The non-criminal character of deportation was in fact the very point decided by the Supreme Court in Reference as to the effect of the Exercise by this Excellency, the Governor General of the Royal Prerogative of Mercy upon Deportation Proceedings, [1933] S.C.R. 269, at 278, when section 40 of the Immigration Act (R.S.C. 1927, c. 93) was the precursor of subsection 27(1) of the present Act and sections 42 and 43 the predecessors of subsection 32(2).
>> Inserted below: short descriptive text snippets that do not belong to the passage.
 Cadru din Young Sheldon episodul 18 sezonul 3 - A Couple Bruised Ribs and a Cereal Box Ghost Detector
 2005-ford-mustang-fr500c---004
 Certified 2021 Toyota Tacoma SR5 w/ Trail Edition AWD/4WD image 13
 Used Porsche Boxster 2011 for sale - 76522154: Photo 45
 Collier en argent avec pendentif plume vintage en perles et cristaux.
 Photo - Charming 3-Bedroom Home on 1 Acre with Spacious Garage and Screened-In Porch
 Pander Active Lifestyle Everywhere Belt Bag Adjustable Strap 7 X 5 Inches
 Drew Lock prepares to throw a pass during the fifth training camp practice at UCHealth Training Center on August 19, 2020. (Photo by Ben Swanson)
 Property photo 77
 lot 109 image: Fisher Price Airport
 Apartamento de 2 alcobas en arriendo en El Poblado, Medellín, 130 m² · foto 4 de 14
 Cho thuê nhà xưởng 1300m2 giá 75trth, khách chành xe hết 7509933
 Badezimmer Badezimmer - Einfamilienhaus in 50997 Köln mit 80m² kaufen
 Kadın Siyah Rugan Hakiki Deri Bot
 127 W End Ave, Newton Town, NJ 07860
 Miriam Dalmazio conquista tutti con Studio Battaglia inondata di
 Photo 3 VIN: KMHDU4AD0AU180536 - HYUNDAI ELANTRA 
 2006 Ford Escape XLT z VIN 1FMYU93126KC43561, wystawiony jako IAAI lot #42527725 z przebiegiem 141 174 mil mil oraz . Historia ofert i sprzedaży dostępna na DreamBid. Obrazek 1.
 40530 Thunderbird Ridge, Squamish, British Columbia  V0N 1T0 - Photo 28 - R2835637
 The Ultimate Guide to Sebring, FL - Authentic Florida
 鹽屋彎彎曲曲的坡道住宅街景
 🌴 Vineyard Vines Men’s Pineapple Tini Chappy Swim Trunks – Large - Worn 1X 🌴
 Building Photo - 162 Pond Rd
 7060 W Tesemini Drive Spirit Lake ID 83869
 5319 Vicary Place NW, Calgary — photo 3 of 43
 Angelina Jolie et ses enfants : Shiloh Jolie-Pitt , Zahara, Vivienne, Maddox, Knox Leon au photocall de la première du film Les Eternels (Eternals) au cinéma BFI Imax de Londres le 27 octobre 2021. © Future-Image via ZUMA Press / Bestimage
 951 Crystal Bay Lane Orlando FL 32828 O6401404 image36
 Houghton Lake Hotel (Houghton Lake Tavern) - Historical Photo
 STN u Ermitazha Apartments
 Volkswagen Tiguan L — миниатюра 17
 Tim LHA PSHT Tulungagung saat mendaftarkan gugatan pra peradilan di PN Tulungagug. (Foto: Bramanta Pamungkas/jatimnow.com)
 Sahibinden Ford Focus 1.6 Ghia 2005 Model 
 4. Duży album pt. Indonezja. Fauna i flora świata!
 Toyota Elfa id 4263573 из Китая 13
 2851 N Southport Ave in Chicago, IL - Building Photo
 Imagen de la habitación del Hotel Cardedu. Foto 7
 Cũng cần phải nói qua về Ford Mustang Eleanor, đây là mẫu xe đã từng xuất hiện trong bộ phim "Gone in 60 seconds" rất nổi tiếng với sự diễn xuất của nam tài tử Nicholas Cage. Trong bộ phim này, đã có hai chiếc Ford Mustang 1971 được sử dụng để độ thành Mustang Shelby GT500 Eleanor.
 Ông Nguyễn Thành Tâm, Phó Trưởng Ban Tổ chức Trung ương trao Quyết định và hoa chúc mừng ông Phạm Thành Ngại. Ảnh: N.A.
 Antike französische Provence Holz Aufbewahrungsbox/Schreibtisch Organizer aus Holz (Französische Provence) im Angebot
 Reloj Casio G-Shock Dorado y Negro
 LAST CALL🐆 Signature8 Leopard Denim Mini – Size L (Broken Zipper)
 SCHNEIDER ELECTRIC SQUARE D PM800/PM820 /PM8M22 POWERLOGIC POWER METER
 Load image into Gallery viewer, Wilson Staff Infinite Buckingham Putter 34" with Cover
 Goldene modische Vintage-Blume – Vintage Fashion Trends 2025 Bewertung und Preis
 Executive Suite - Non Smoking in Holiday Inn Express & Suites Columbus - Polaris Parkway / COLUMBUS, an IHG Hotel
The applicant, in applying for permanent residence, was seeking a benefit which required he comply with the provisions and obligations of the Act. He failed to comply with those obligations, misrepresenting a fact material to receiving this benefit, which was, in a sense, conditionally granted and was revoked for misrepresentation. It is a well-established principle that non-citizens do not have an unqualified right to enter and remain in this country. The bases upon which a landed immigrant may be removed from Canada, on the ground that he or she has improperly obtained landing, have been provided by Parliament in section 27 of the Act. Among these grounds, Parliament has included paragraph 27(1)(e) which provides for the removal of a person who has been “granted landing … by reason of any fraudulent or improper means or misrepresentation of any material fact, whether exercised or made by himself or any other person”. This is the regime adopted by Parliament, and in my opinion, to apply this regime in the present circumstances, does not violate the principles of fundamental justice. As stated by Sopinka J. in Chiarelli v. Canada (Minister of Employment and Immigration):[14]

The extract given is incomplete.